Of course I skimmed some pages of Proust’s salon conversations and snide remarks that could be insufferably long, but then I often went back and read them more carefully. At times I felt a distant resonance with the scenes of elegant salons and the empty gossip among the sophisticated guests trying to impress in order to not be dropped from the inner circle. This personal connection stemmed from my Parisian visits years ago to my maternal grandparents, who were members of the Rothschild banking dynasty. Although Proust’s era during the early twentieth century was history during my mid-century visits to Paris, my mother’s relatives had been a part of the aristocratic world that he wrote about. In Search of Lost Time thus awakened a dormant nerve, an ephemeral sensation associated with my French family buried within me. I could even hear my mother’s insistence within this deep layer of myself that I act with unimpeachable decorum because I’m a Jew, a Dreyfusisn in Proust’s society, who must remain above reproach as a shield against anti-Semitism. Reading Proust, then, resonated with personal experience and feelings, unlike dispassionate and impersonal science, which is an intellectual experience.

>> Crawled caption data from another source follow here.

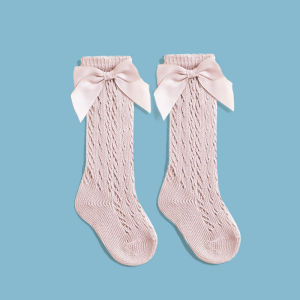 2 Pairs-Einmilk Baby Knee High Socks Toddler Bow Mesh Long Stockings Girls Ruffled Socks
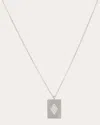 Mysteryjoy Diamond Card Charm Necklace White Gold In Silver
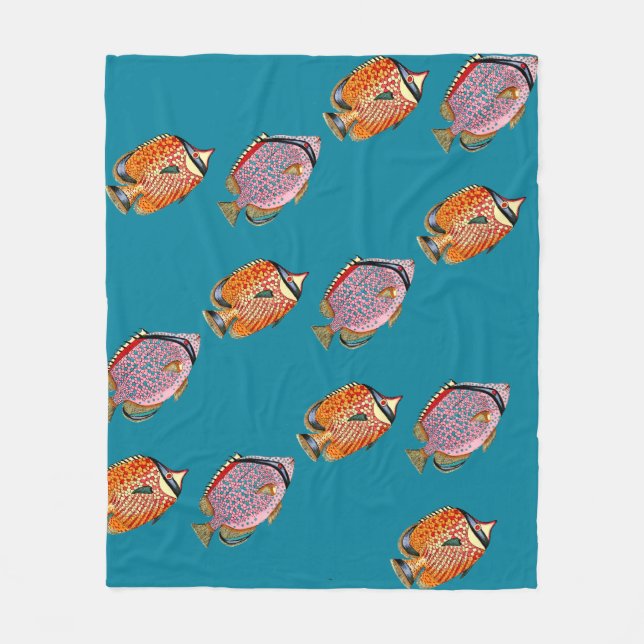 Tropical Fish Fleece Blanket (Front)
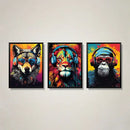 Pop art animal headphones gaming posters bedroom canvas wall art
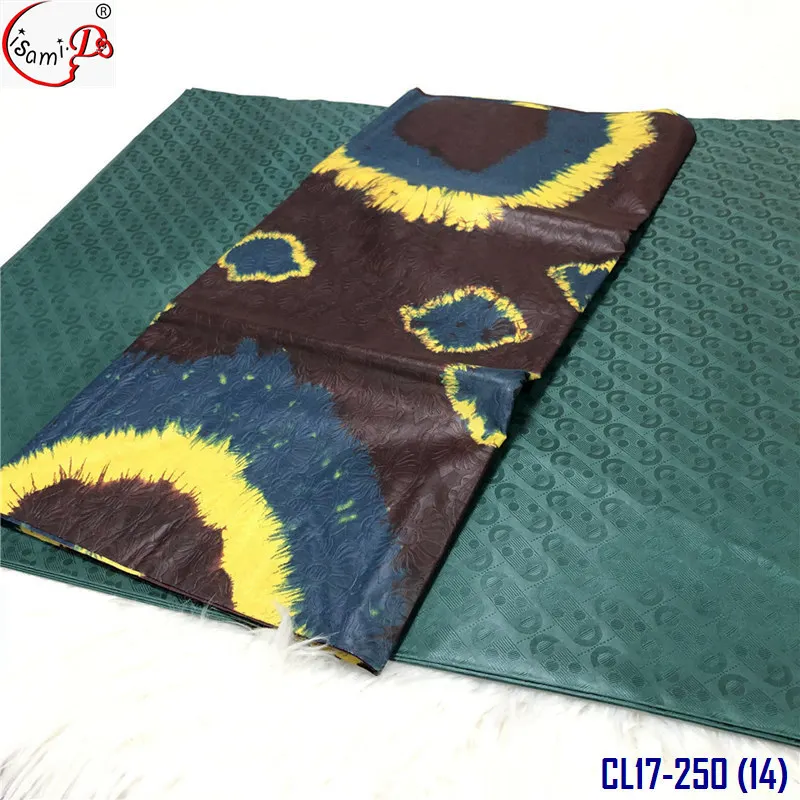 Lisami RTS bazin+5Ykampala per set High Quality bazin riche  embroidery prints China supplier Lace Fabric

At the time I read In Search of Lost Time I was starting to write personal essays, but was troubled by the belief that I hadn’t done anything interesting enough to attract attention. My father’s journey from the pogroms in pre-Bolshevik Russia to world-fame as a cellist, and my mother’s escape from the privileged but emotionally starved childhood in the Rothschild palaces of France to excelling in chess, tennis, and sculpting in the United States made fascinating stories, but why would anyone want to read about a U.S. government scientist like myself who had lived a conventional, sheltered life in the relatively calm United States, at least from my perspective.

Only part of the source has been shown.